Our other environment, the Terrain Generation Environment, only has the last two cameras. For this environment the indices are 0 and 1 instead of 1 and 2.
The quality of these cameras is set to 1920x1080 (1080p) during the initialization of the environment. When rendering a video one can pass the width and height parameters to the render method to actually record with this quality.
Camera that tracks the brittle star (1920x1080):
Camera that gives a top-down view of the target (1920x1080):
Terrain Generation
Apart from the original LocomotionEnvironmentConfig we also provide a TerrainGenerationEnvironmentConfig. This configuration class returns an environment with a custom terrain. These terrains can be provided by the user as .png files, containing top-down greyscale images of the terrain.
The user can either provide these individually or as a folder. If a folder is provided, a terrain map will be chosen randomly from the folder.
Another possibility is random generation, these maps are generated using perlin noise and can be used to make an infinite amount of random terrains. By using perlin noise as opposed to full randomness, the difference between adjacent pixels is minimized to avoid steep climbs or drops. This technique is often used to generate random terrain in e.g. video games or 3D software.
We also provide 6 default heightmaps that are ordered by increasing difficulty, the size and height of these maps can be adjusted by providing the correct arguments to the TerrainGenerationEnvironmentConfig. This allows us to make a map as easy or difficult (steep) as we want to, and push the robot to its limits. All of these are generated with .png images that can be found in the simulation environment repository.

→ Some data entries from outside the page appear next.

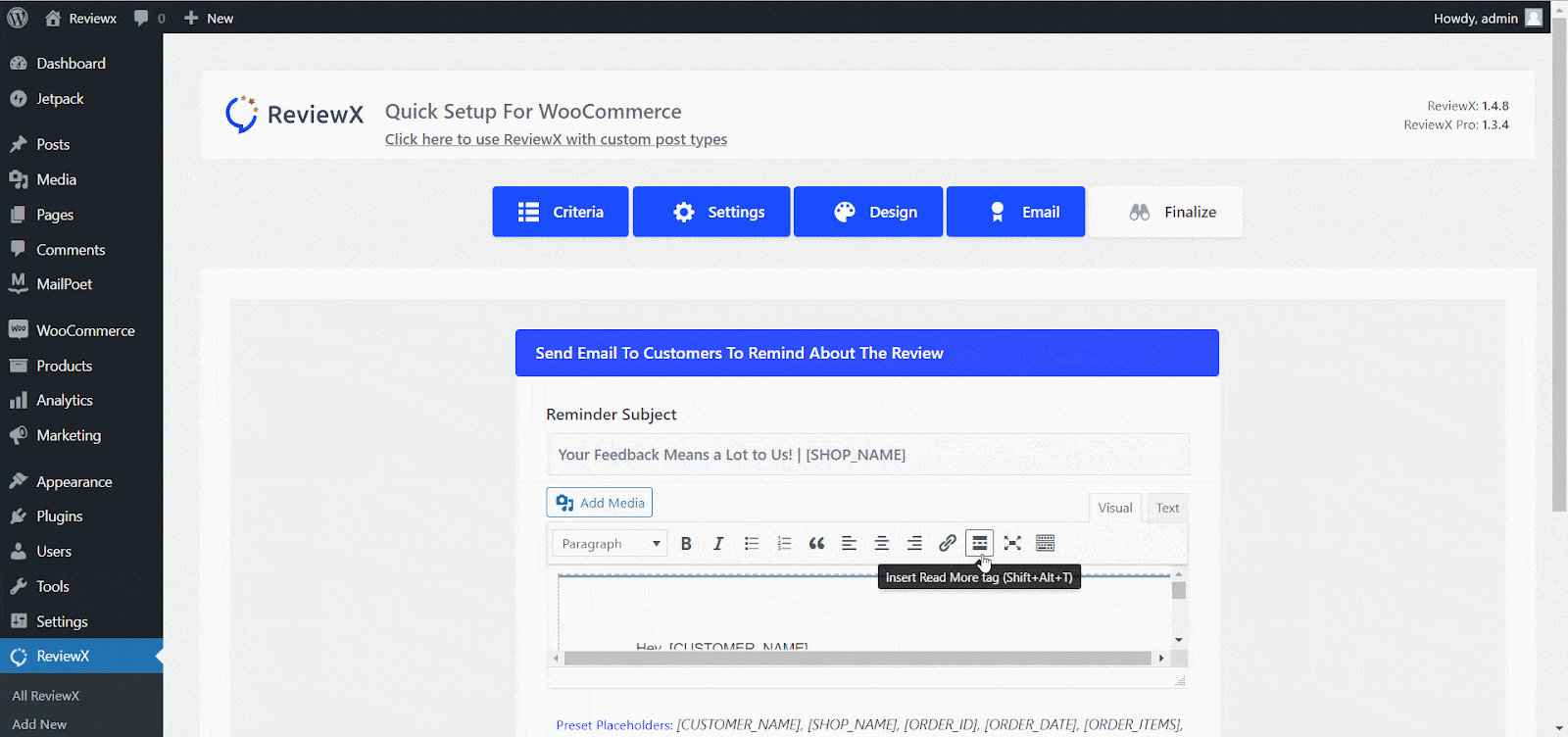 Test Review Reminder Email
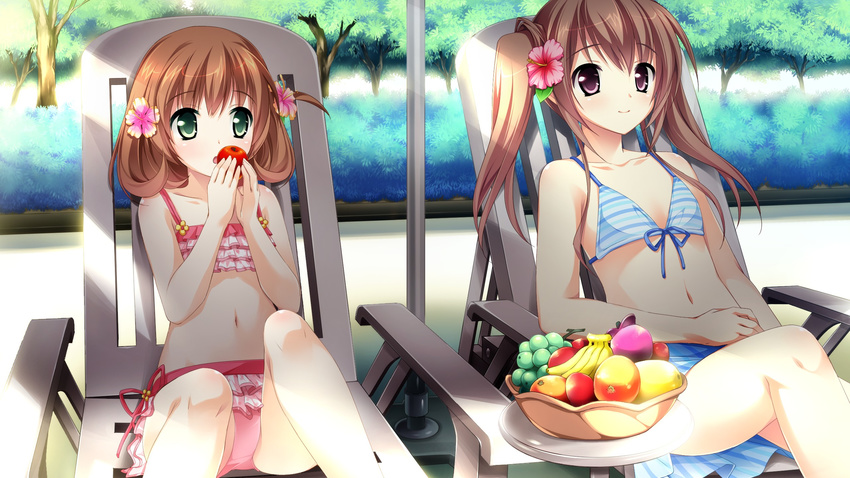 1boy 1girl apple banana blush bowl brown_hair chair crossdressing flower food fruit game_cg grape grapes green_eyes highres inui_yuki kimishima_ao mango miyama_mizuki navel otome_ga_tsumugu_koi_no_canvas otome_ga_tsumugu_koi_no_canvas_futari_no_gallery purple_eyes short_hair swimsuit trap twintails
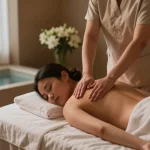 Experience a soothing 의왕출장안마 massage therapy session in a tranquil spa setup.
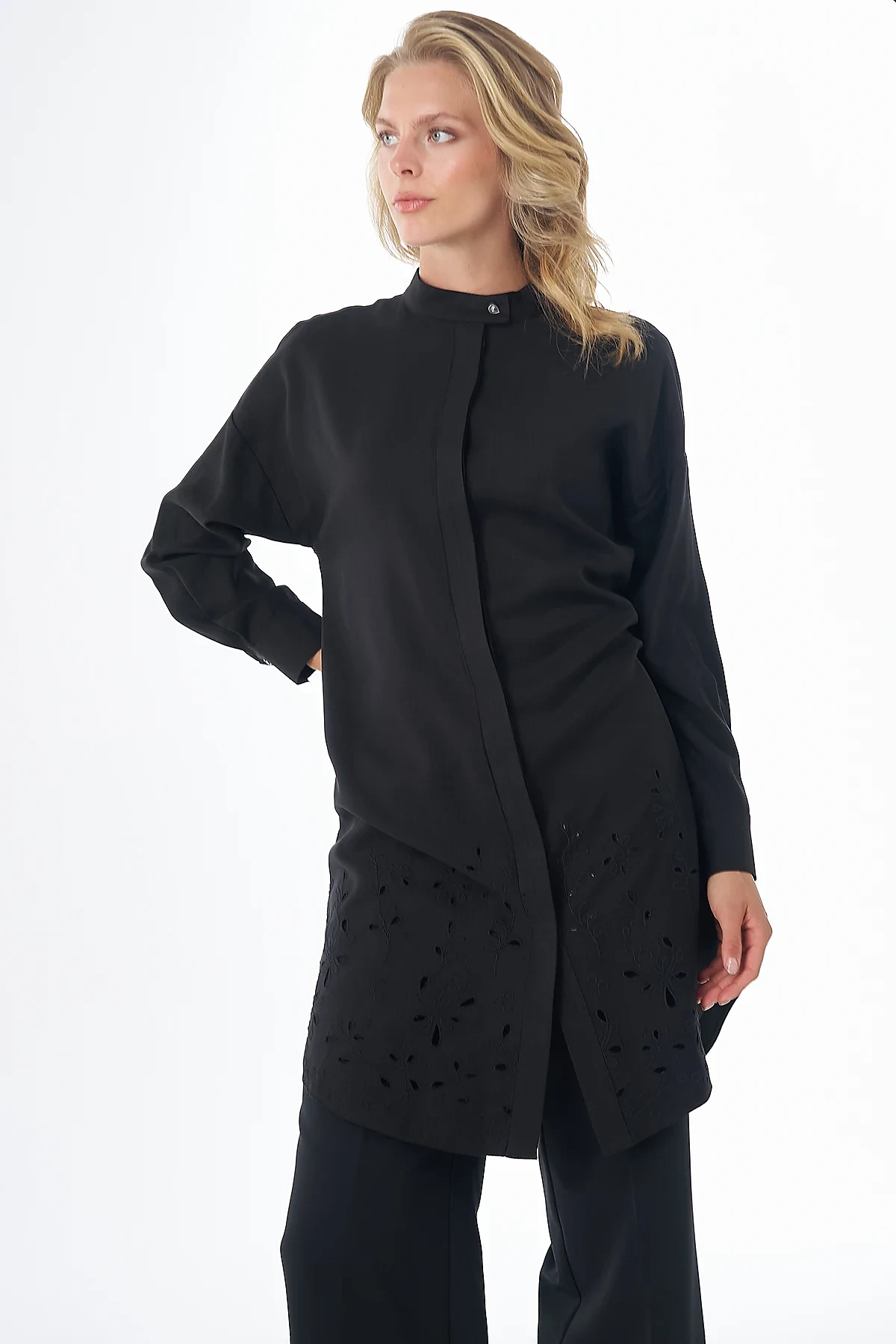 Lazer Kesim Rayon Tunik Siyah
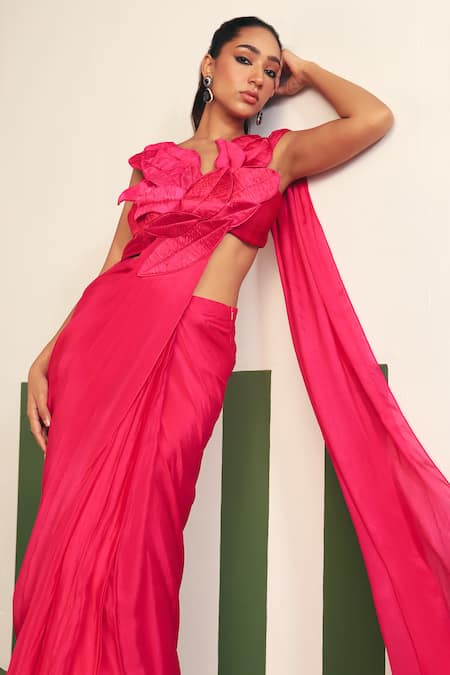 Shop_Reeti Arneja - Theklub_Pink Chiffon, Satin Embroidery Mirah Pre-stitched Saree With Leaf Blouse _Online_at_Aza_Fashions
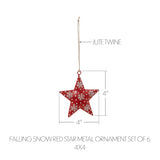 Metal Star Ornament Set of 6 - 6 inch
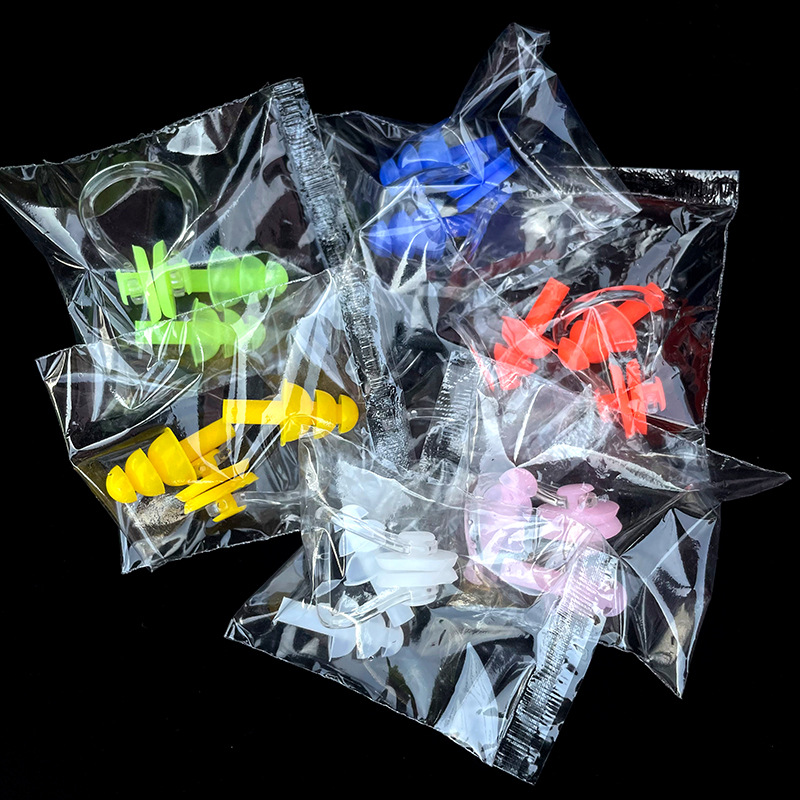 Swimming Supplies Nose Clip Earplug Set Anti-Choking Equipment Silicone Waterproof Swimming Earplugs Nose Plug Bag in Stock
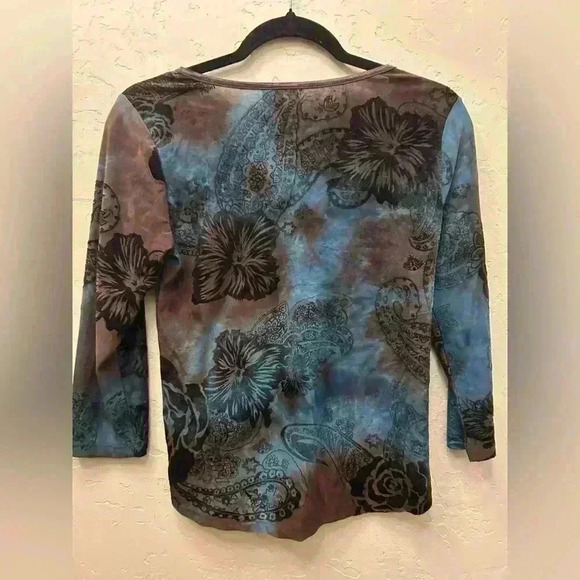 Fairy Y2K Sami + Jo top small. Velvet floral burnout Whimsigoth corset style - Picture 5 of 7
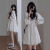 碧冰白色连衣裙短款2023秋季新款法式温柔风小个子泡泡长袖气质衬衫裙 白色 M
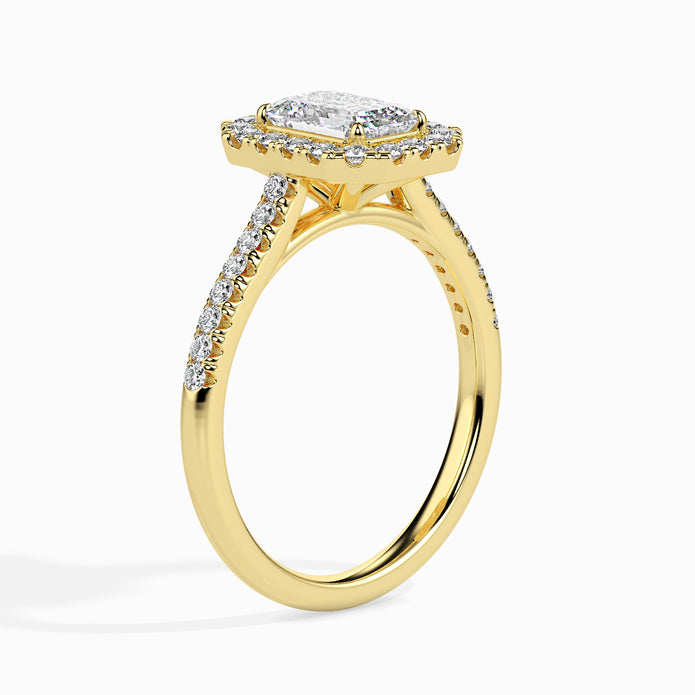 Emerald Halo Lab-Grown Diamond Gold Ring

In order to avoid clipping into the floor, we interpolate the position and corresponding height of the robot and target, and spawn them slightly above. In edge cases where the robot would still clip into the walls (e.g. very steep pits), it’s possible to provide a parameter to increase the spawn height even further.
CLI, JSON schemas and builders
To ease the process of making a robot and environment with the required specifications we added a CLI, builders and a JSON schema. The CLI provides commands for generating heightmaps and XML files for MuJoCo from a JSON file. You can use what we call “specfiles” to create custom XML files. More information can be found in the CLI documentation in our GitHub repository.
The creation of these specfiles is simplified by the provided JSON schema. This schema provides the user with autocompletion and linting for the JSON/specfile in their IDE. Needless to say that this speeds up the creation of these files tremendously.
To do all of these things we use so-called builders, responsible for translating the provided JSON file into an actual robot. They provide default values and create the necessary parts to form an actual brittle star.